Esa hidra criminal donde están metidos desde exsecretarios y en funciones de Estado, mandos castrenses de blanco y verde, legisladores, familiares, compadres y amigos, hasta funcionarios de nivel medio, a grado tal que se quedan chicos los cárteles de la delincuencia organizada con la que también pactó la 4T.
Tal vez por eso, o mejor dicho, por eso es que Terry Cole reconoce en el nieto del general Marcelino García Barragán a un aliado que ha cumplido con la estrategia de combatir al crimen, no con el demagógico discurso de “atacar las causas”, sino enfrentándolo de tú a tú, pero con la fuerza del Estado, con el respaldo presidencial, pero sin decir que formalmente se cambió totalmente el método.
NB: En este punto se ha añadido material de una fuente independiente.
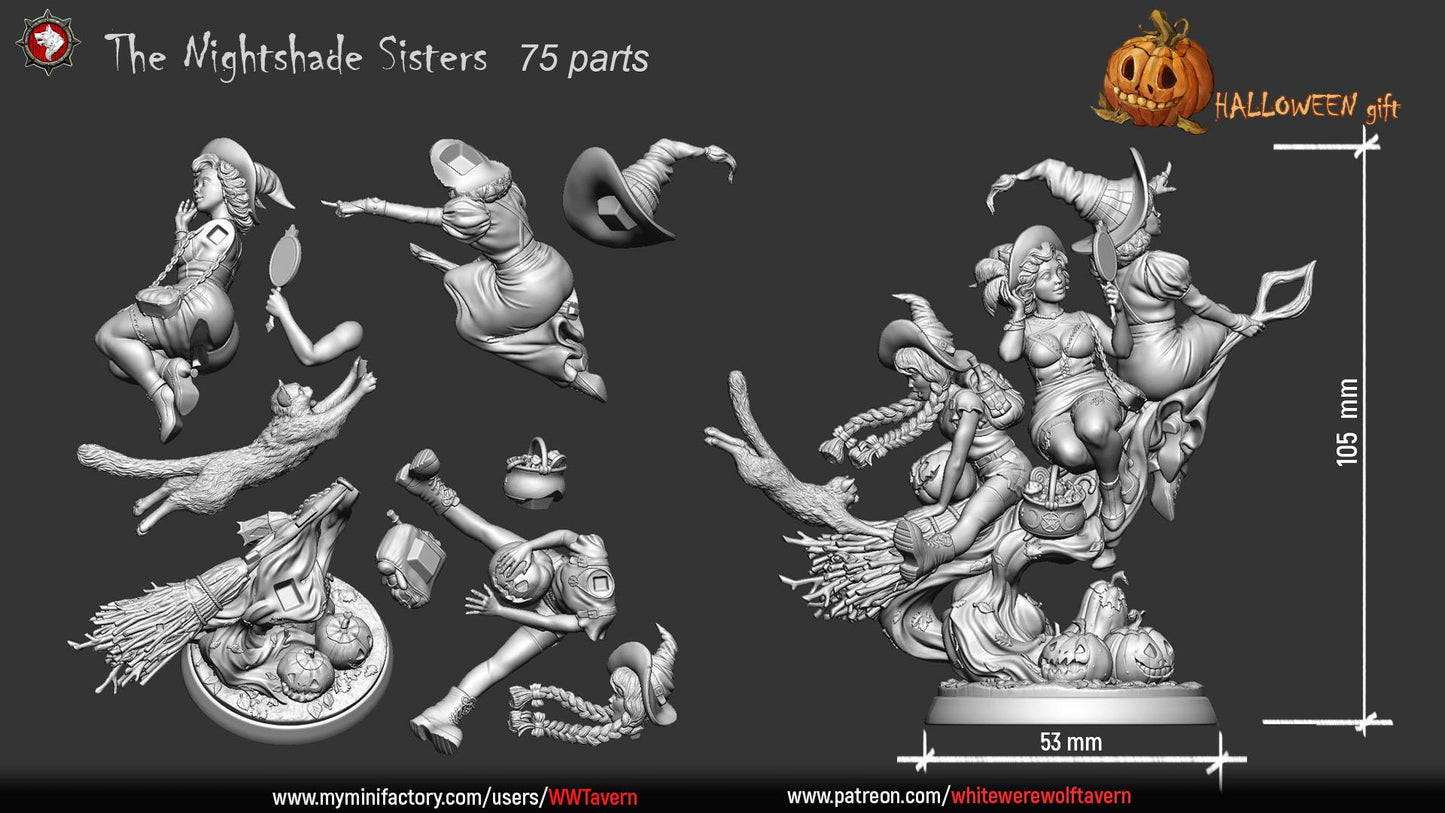 The Nightshade Sisters, Witches on Broom - Unpainted Miniature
Para todos, incluyendo las agencias estadunidenses de seguridad y los departamentos de Justicia, de Estado y Tesoro de Estados Unidos, una es la tarea que desempeña el hijo del fallecido líder del PRI, Javier García Paniagua, y otra la que no se atreve a ejecutar abiertamente el gobierno mexicano.
Este hecho revela que existen poderes (¿o en singular?) que impiden a quien gobierna formalmente al país actuar en todas las áreas y que, sin embargo, las presiones externas justifican algunas acciones mínimas, aunque hacia afuera se dé la certeza de que estamos muy mal y que la connivencia con la criminalidad “común” y la oficial es un hecho.
Algunos analistas apuntan que en ese juego perverso hay acuerdos y que por ello no se escalan acciones contra México, por ejemplo, en materia financiera, aunque se sabe que el Departamento del Tesoro le tiene puesta la mira a más instituciones mexicanas y varias más al otro lado de la frontera para seguir el rastro del dinero derivado de empresas criminales que operan en ambos países, como es el caso del robo, refinación, exportación e importación ilegal de hidrocarburos.
Lo de las drogas, armas, extorsión y tráfico de personas entra en la bolsa, pero es otro boleto.
Y por eso, aun cuando en el presídium palaciego nos digan una cosa, en el oficialismo tienen la certeza de que al otro lado del río Bravo todo lo tienen al detalle, lo mismo por las “exportaciones” de material humano que por los pecadores que desean redimirse de todo mal antes de que se liberen posibles solicitudes de detención con fines de extradición lleguen a aboyar el ya de por sí deteriorado prestigio de gobernadores, legisladores o funcionarios de diversas dependencias.
Por eso se entregó el general Gerardo Mérida Sánchez, a quien también por sus “conocimientos” y deseos de colaborar, se le eximió de estar en una de las cárceles más temidas de Estados Unidos.
De hecho, con lo de Mérida Sánchez se abre un parteaguas y de aquí en adelante muchas cosas se van a acelerar, lo del “hijo de un expresidente” será poco escándalo porque el tema va a escalar por las dos vías: el crimen organizado y las drogas, armas y personas, y por el otro, la trama billonaria del huachicol, que insistimos no solo tiene una carga de evasión fiscal que está por alcanzar el billón de pesos, sino los robos de crudos (ligero y pesado) que por millones de barriles sufrió Pemex, donde ninguno de sus dos directores “se enteraron”.
Parteaguas porque el general tiene información de primera mano, de inteligencia militar, no se trata de dichos de un delincuente común. Lo que tiene el divisionario es de mucho peso, tanto como los entorchados, estrellas y águilas de los militares o las curules, escaños o parentescos de todos los actores de la gran trama criminal de México.